── Entries provided

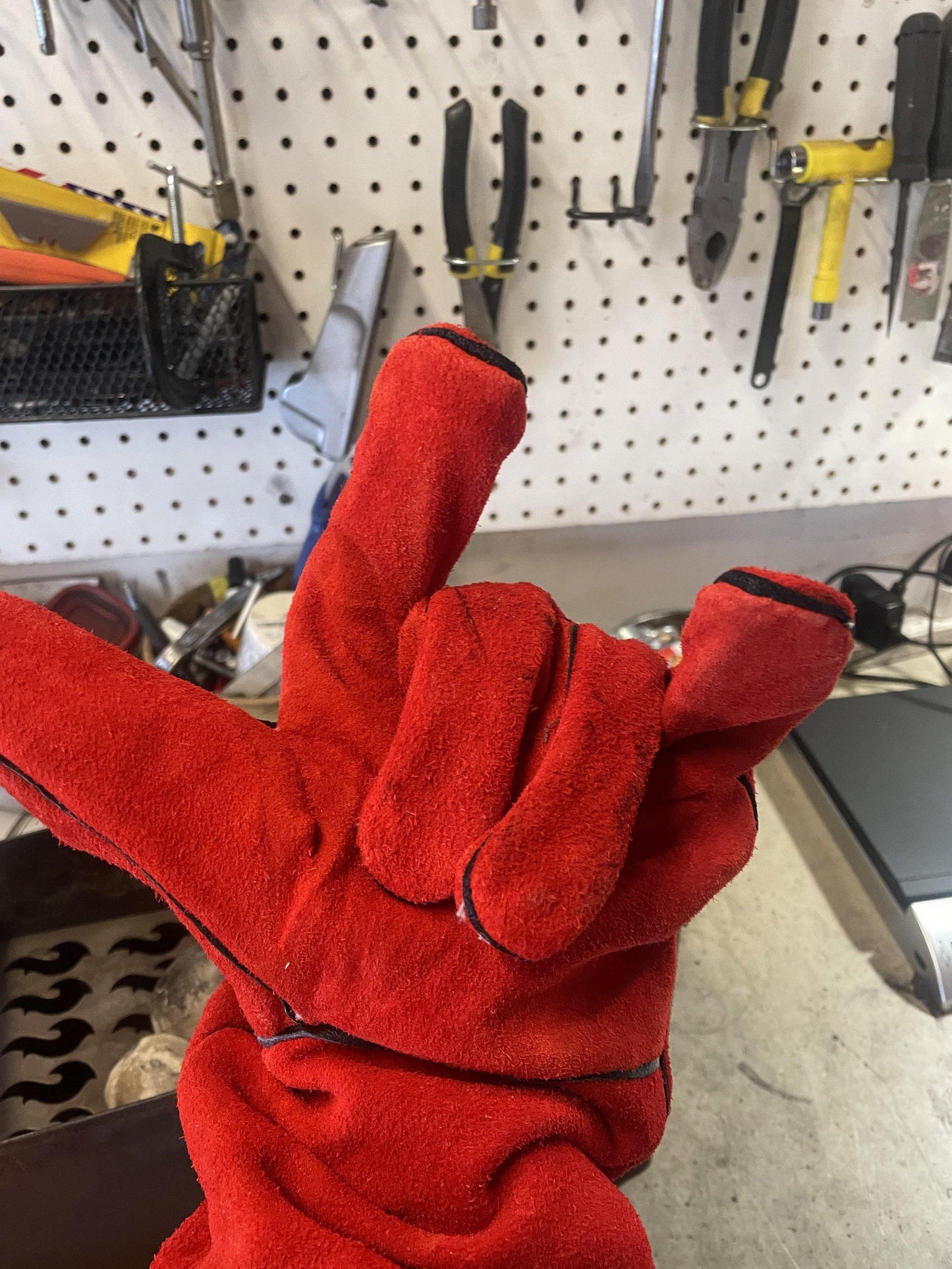 Red insulated campfire glove with thick cuff for handling hot grill parts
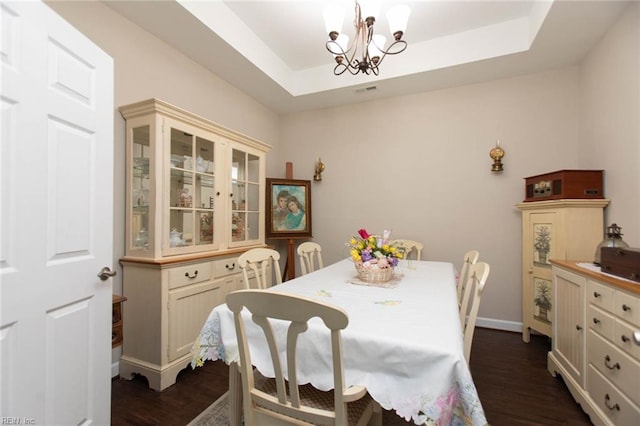 dining area with a tray ceiling, baseboards, a chandelier, and dark wood-type flooring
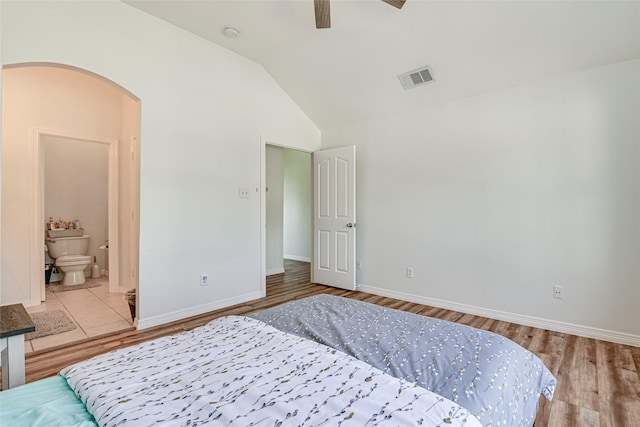 12165 Shoal Creek Dr, Frisco, TX 75035 - bedroom featuring arched walkways, vaulted ceiling, wood finished floors, and baseboards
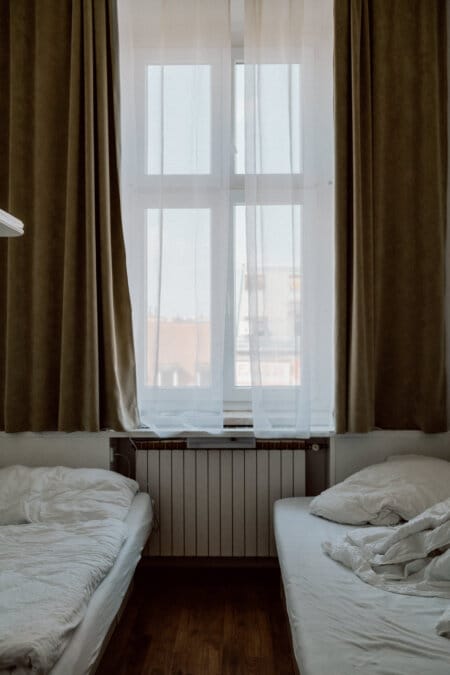 The dimly lit room has two unmade beds parallel to each other, separated by a radiator under a large window. The window is covered with thin white curtains and flanked by heavier beige curtains. Wooden flooring adds a warm touch to the room.  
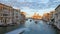 Grand Canal in Venice time lapse with motorboat and clouds passing, Saint Mary of Health at dusk in Italy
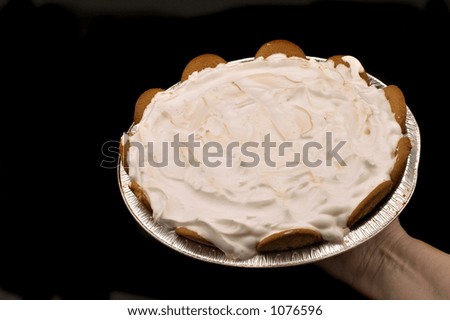 lemon pie on black background hand held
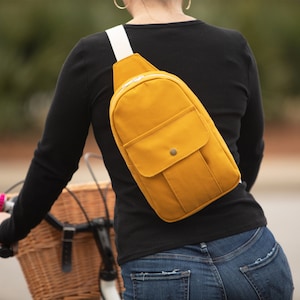 May include: A mustard yellow crossbody bag with a white strap and a zipper closure. The bag has a flap with a button closure and a small pocket on the front.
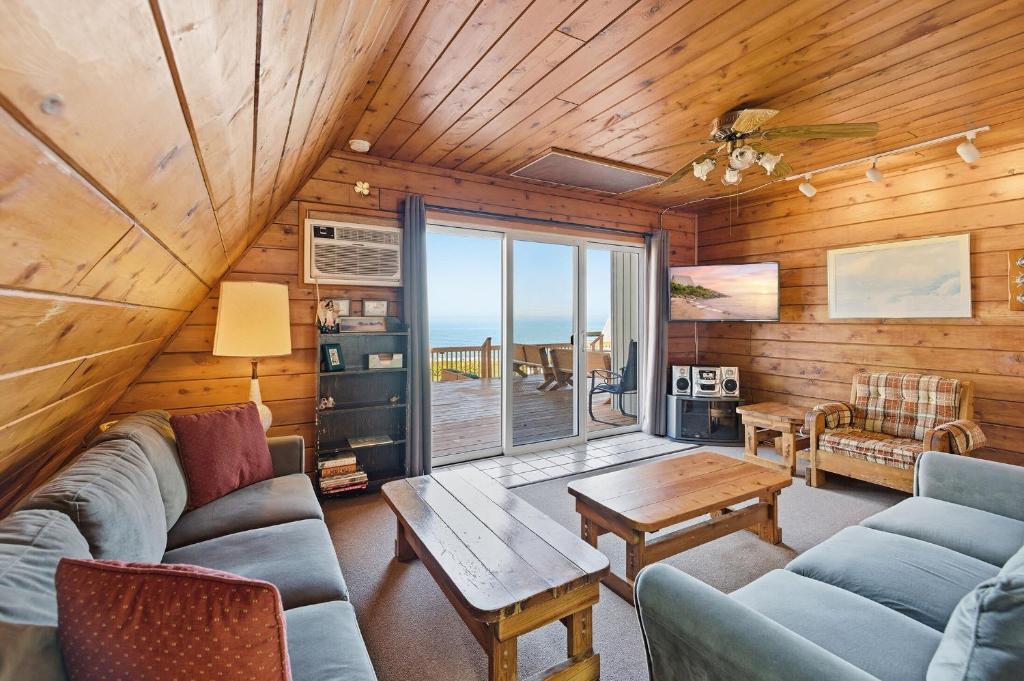 a living room with a couch and a table at Chalet #17 in Stevensville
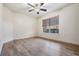 Bedroom with hardwood floors and a large window with backyard views at 846 Normandy Trace Rd, Tampa, FL 33602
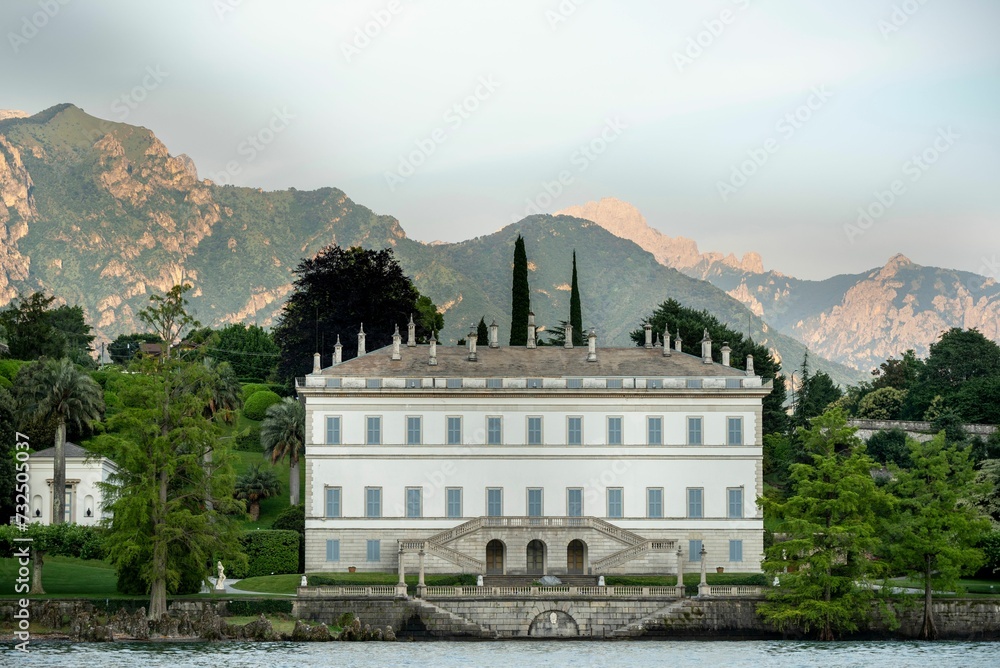 Fototapeta premium Villa Melzi D'Eril mansion surrounded by lush, verdant gardens and tall, majestic trees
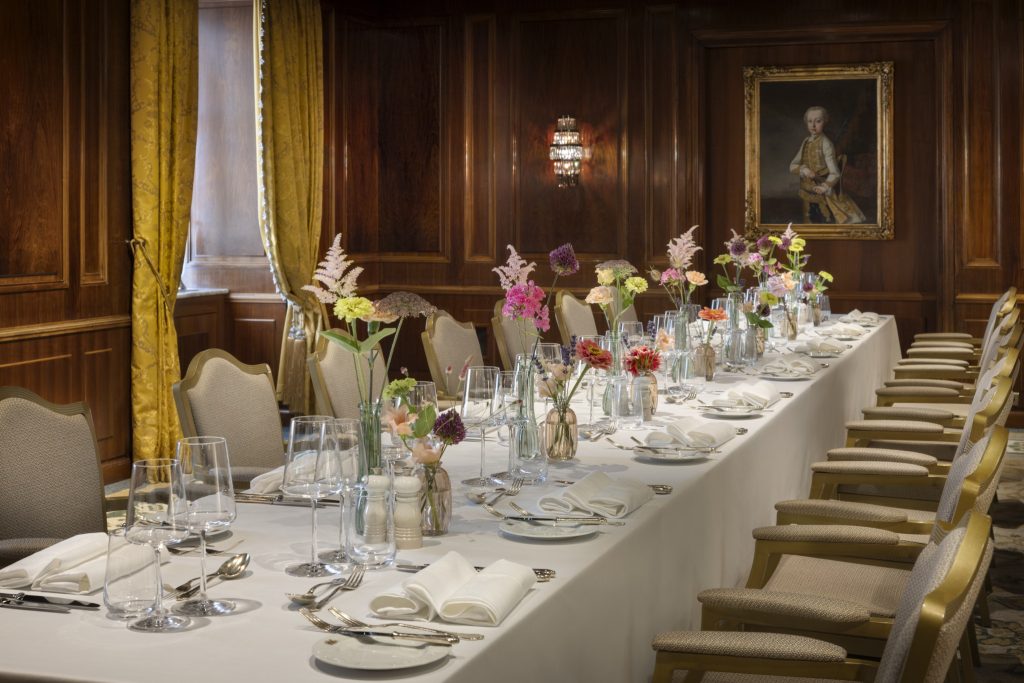 Long flower-filled dining table in a wood-panelled private room at Hotel Imperial Vienna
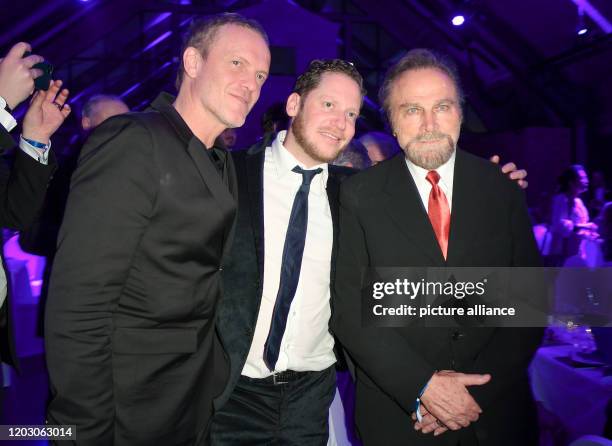 February 2020, Berlin: 70th Berlinale, Cinema for Peace Gala: Producer Christoph Müller, actor Marco Kreuzpaintner and Franco Nero The International...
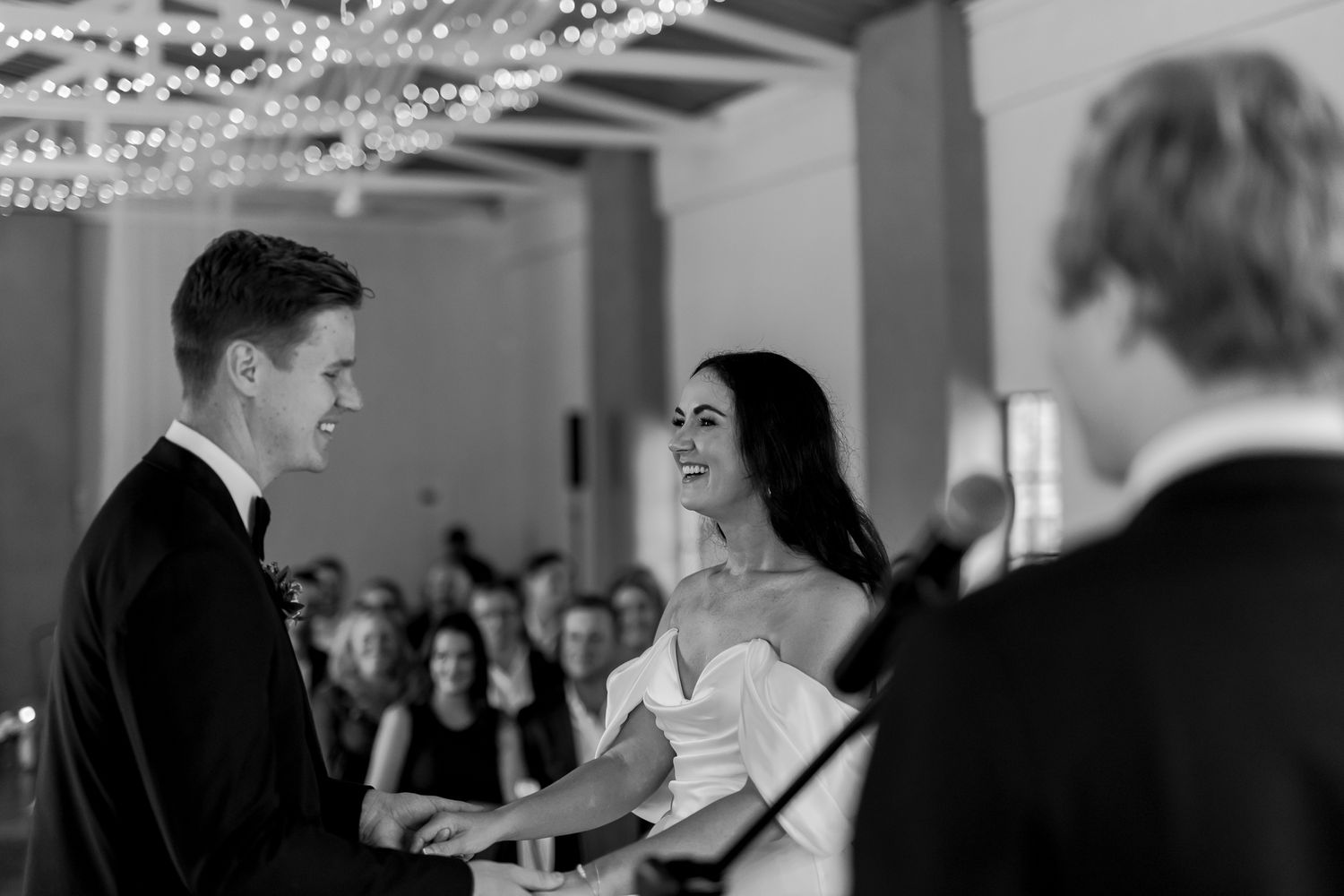 A couple exchanging wedding vows in an elegant venue with chandeliers and guests looking on.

────

*Goal of the exercise*. With pictures excluded, restate word for word the lines from the one that contains "February 2020, Berlin: 70th" through the end of the material, inclusive, and nothing more.

*Response*.
 February 2020, Berlin: 70th Berlinale, Cinema for Peace Gala: Producer Christoph Müller, actor Marco Kreuzpaintner and Franco Nero The International...
 A couple exchanging wedding vows in an elegant venue with chandeliers and guests looking on.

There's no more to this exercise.